As part of our investigation into the variations in suspension practices and outcomes across OUSD schools, we mapped the location of each student and aggregated their data to the census tract they live in. We then symbolized each tract (darker color indicates higher rate) with the rate of suspension for the African American males in that tract for the 2010-2011 academic year. The second map below shows the rate of suspension for ALL students per school using the exact same break values in the tract coloring. We think these maps clearly illustrate the massive differential in suspension rates for African American male students compared to students overall and also serve to show how outcomes vary widely across the city. There were only three tracts with overall suspension rates in the second highest range as the rates for African American males. Again we see an east/west bi-modal distribution: African American males are suspended at high rates across the city, but the overall rates in the central flat-lands are quite positive in comparison to the rest of the city. From the first map, the most striking outcome is that in almost half the city's neighborhoods, African American males are suspended at a rate of at least one in five students in a single year.
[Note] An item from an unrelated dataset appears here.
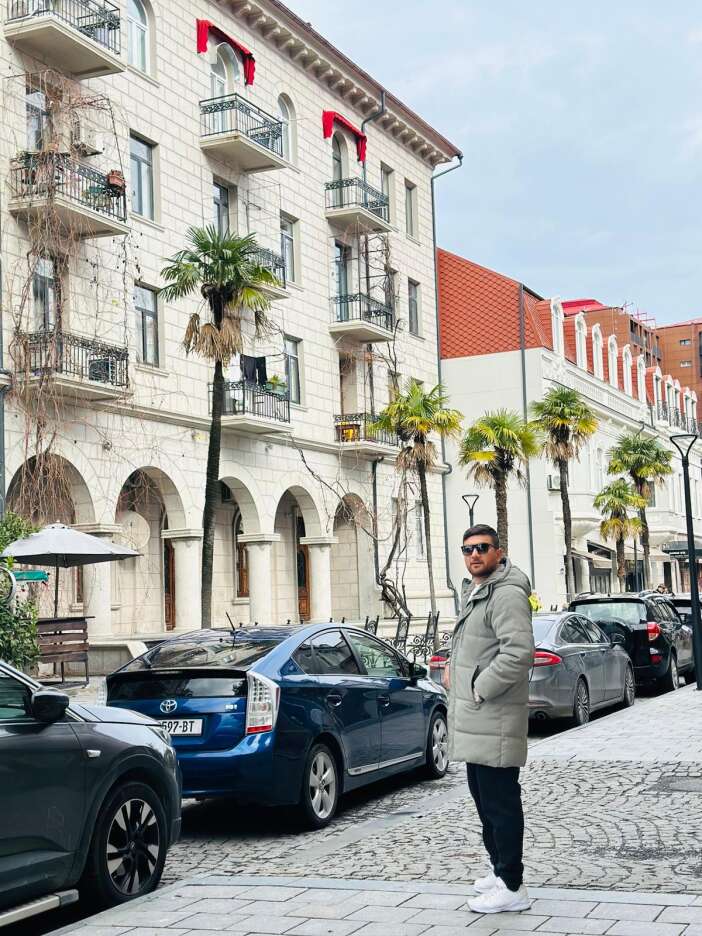 konyali-otomobil-tutkunu-serce-ile-sinirlari-asip-gurcistana-uctu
As with most outcome data it is important to consider the data from both a facility (school) and a community (tract) perspective. To view the maps of suspension rates by school read this post. To read the full attendance report, click here.
Note that for relevance we removed tracts with fewer than 10 African American males as these neighborhoods' data can easily skew the results and create misleading figures that are not statistically stable (numbers that cannot be trusted for interpretation).